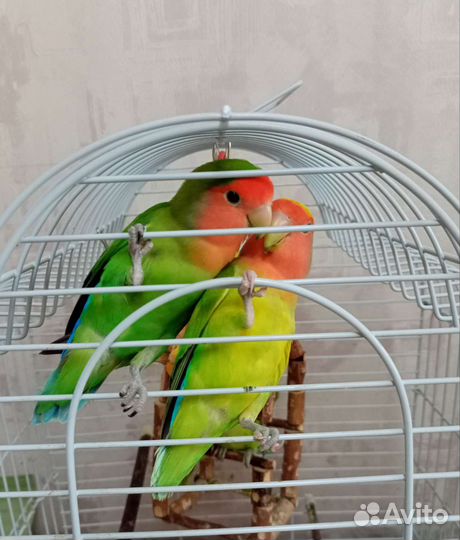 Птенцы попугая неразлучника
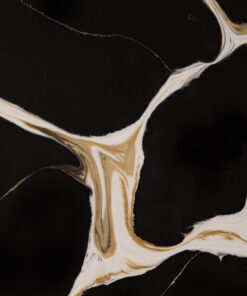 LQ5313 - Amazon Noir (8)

****

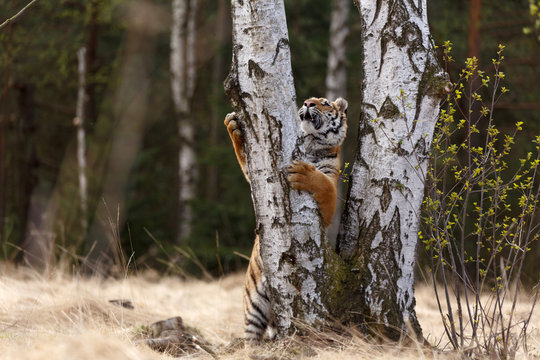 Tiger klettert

****

_Your goal_: Going by the data above, give back only the lines from the one containing "Птенцы попугая неразлучника" through the one containing "LQ5313 - Amazon Noir (8)", exactly as they stand, both ends included and no images.

_Output of the task_:
 Птенцы попугая неразлучника
 LQ5313 - Amazon Noir (8)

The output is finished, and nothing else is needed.